Ian Kirby has a torsion box workbench design in an old FWW
article. It could be used as a platten for veneering as well. Kirby
doesn't advocate for tail vises or dog holes on a bench though.

As long as you put enough solid wood in there to drill the holes
in it will function for holding dogs.


----------



## bondogaposis (Dec 18, 2011)

I don't think that dog holes would function well w/ a standard torsion box design. You will have to beef it up which kind of negates the point of the torsion box.


----------



## Sylvain (Jul 23, 2011)

What about puting a "dog hole strip" on the side of a torsion box?

for a "dog hole strip" look at 
http://lumberjocks.com/lysdexic/blog/29544

see also
http://lumberjocks.com/projects/60275


----------



## chopper6322 (Oct 17, 2011)

Sylvain, That's exactly what i'm looking for, thank you. 1 more question though, is there a difference between the square dog holes and the dowels with a square cap glued onto it? in my mind it's just a craftsmanship thing or is there some kind of structural difference?


----------



## Sylvain (Jul 23, 2011)

Other LJs are certainly more qualified then me to answer your question.
I believe that you can make them of equal strengh if you adapt the size to achieve such a result.
IMHO it is mainly another way to make the holes.

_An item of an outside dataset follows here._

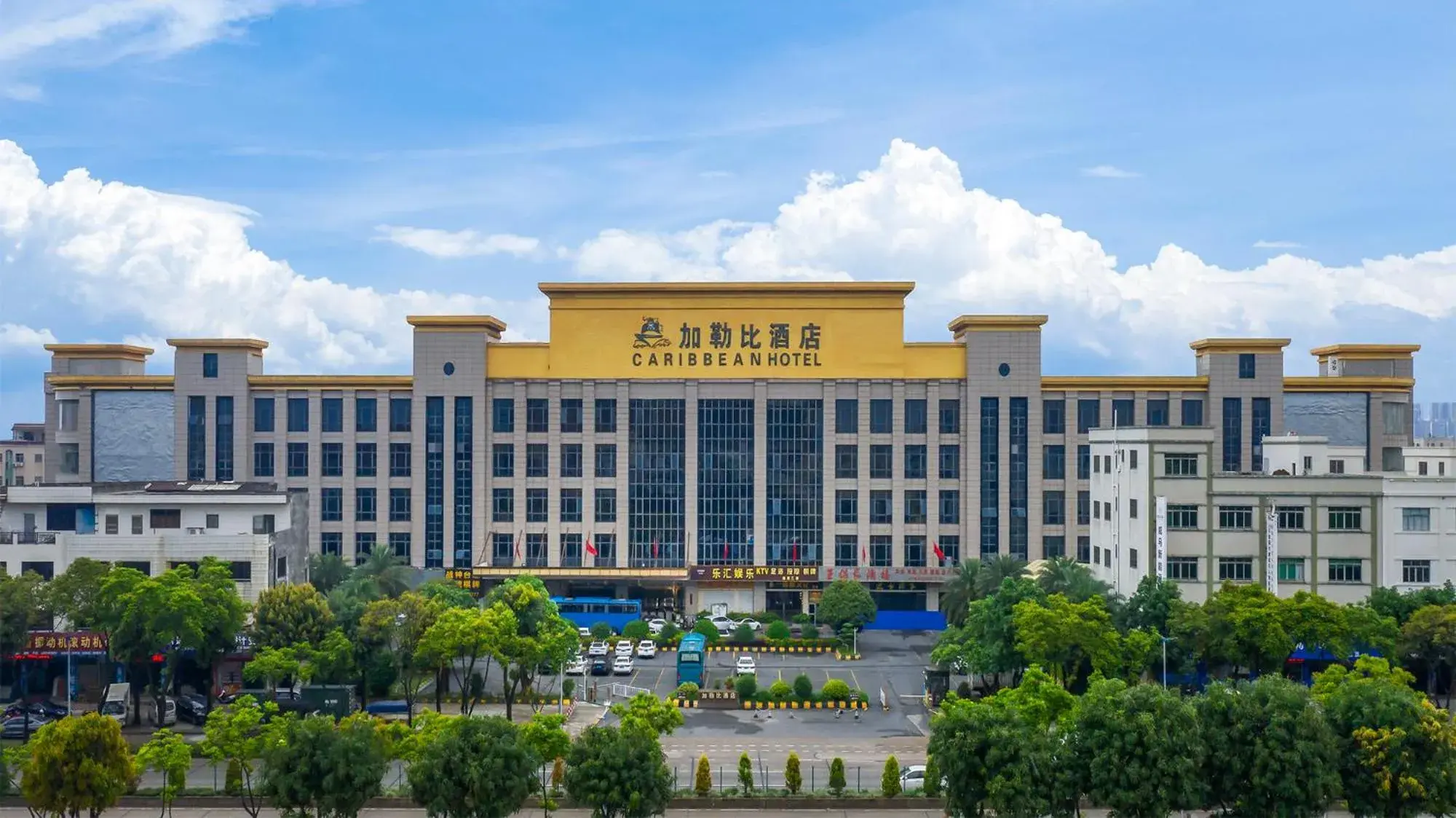 Caribbean Hotel Zhongshan Caribbean Hotel Zhongshan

If you want to have bench dog holes, to use them you need either an end vise or alternatively you can use veritas "wonder dogs" 
http://www.fine-tools.com/G307968.htm

To use those last anywhere along your dog holes line, you obviously need round dog holes.


----------



## Sylvain (Jul 23, 2011)

some "round or square" dicussions here :

http://lumberjocks.com/topics/14738

http://lumberjocks.com/topics/27184
http://lumberjocks.com/topics/14738
http://lumberjocks.com/topics/33927


----------



## brtech (May 26, 2010)

The torsion box has the support honeycomb inside that, by definition, goes from the top of the bottom skin to the bottom of the top skin. Usually, you make that out if 1/2" something. Marc uses MDF. But it's just a support.

So, plan a nice hunk of 1 1/4" stock where you want your dogs instead of the 1/2" stuff. Use something hard, maple or SYP. Make it the same height as the other honeycomb material, and work it into the design.

When you finish assembling the top skin, drill round dog holes all the way through the top skin, the big stock, and the bottom skin.

Done, dog holes in a torsion box.


----------